#### Problem to work on:
Give every entry again, unchanged, and leave its images out.

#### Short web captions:

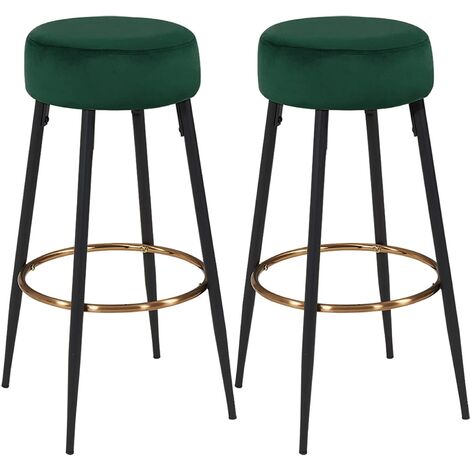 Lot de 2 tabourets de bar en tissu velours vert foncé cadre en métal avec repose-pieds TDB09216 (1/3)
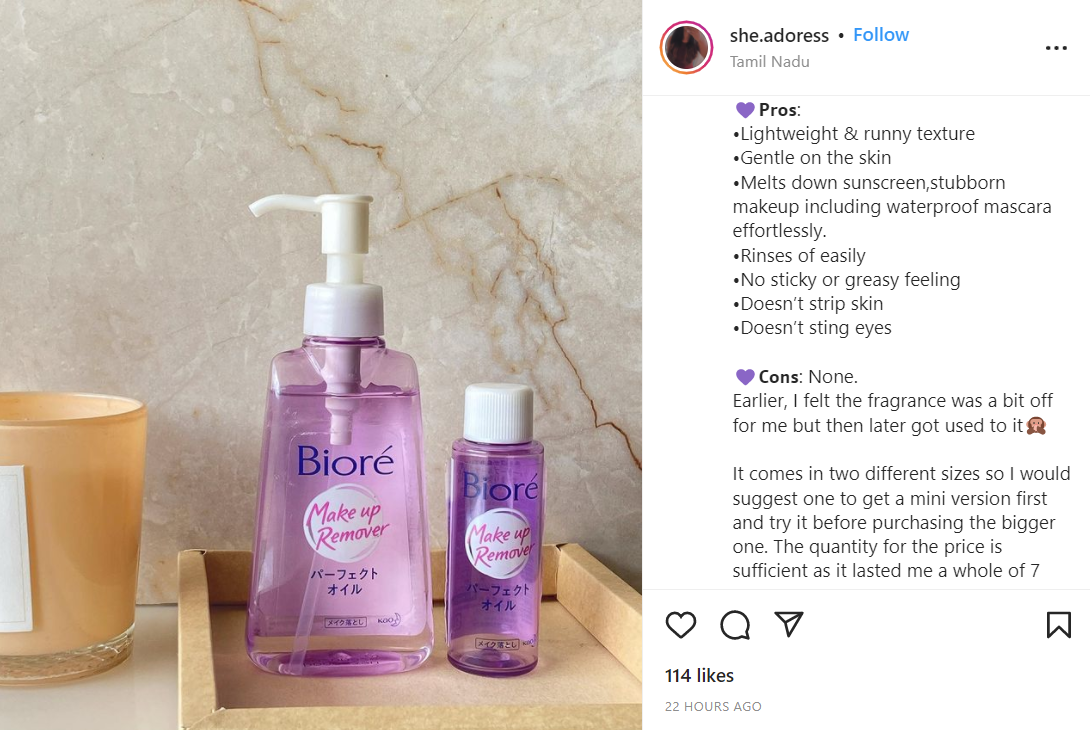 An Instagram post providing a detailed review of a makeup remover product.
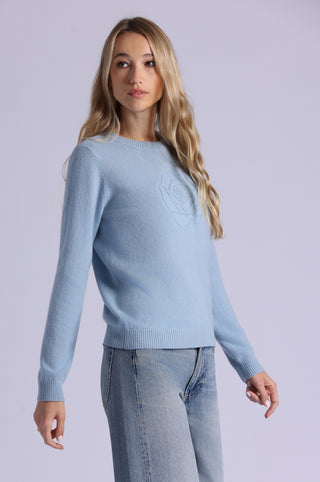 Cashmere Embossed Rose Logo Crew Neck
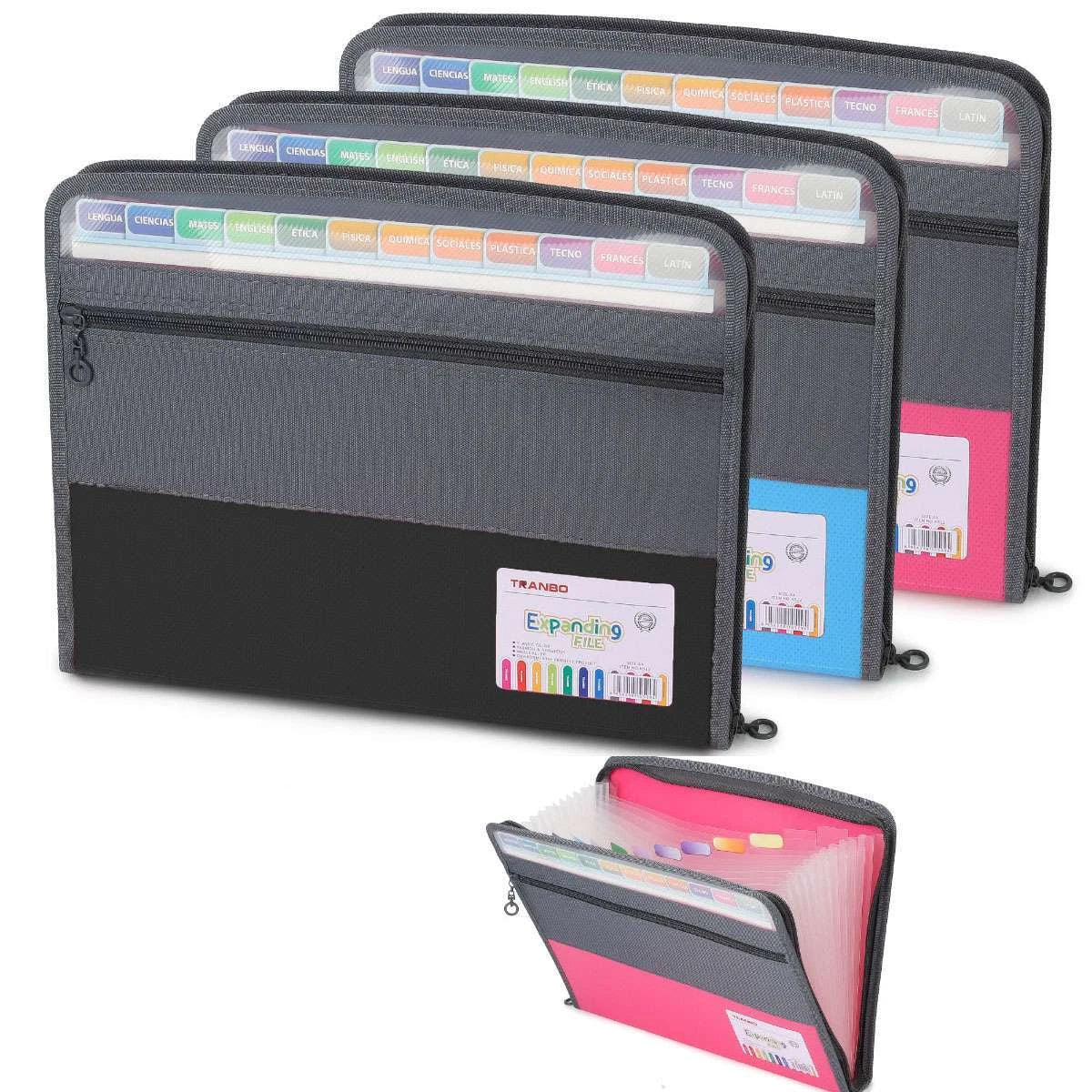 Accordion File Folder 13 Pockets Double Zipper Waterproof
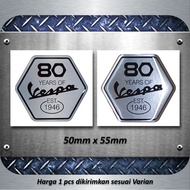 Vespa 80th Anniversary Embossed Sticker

#### Exercise solution:
 Lot de 2 tabourets de bar en tissu velours vert foncé cadre en métal avec repose-pieds TDB09216 (1/3)
 An Instagram post providing a detailed review of a makeup remover product.
 Cashmere Embossed Rose Logo Crew Neck
 Accordion File Folder 13 Pockets Double Zipper Waterproof
 Vespa 80th Anniversary Embossed Sticker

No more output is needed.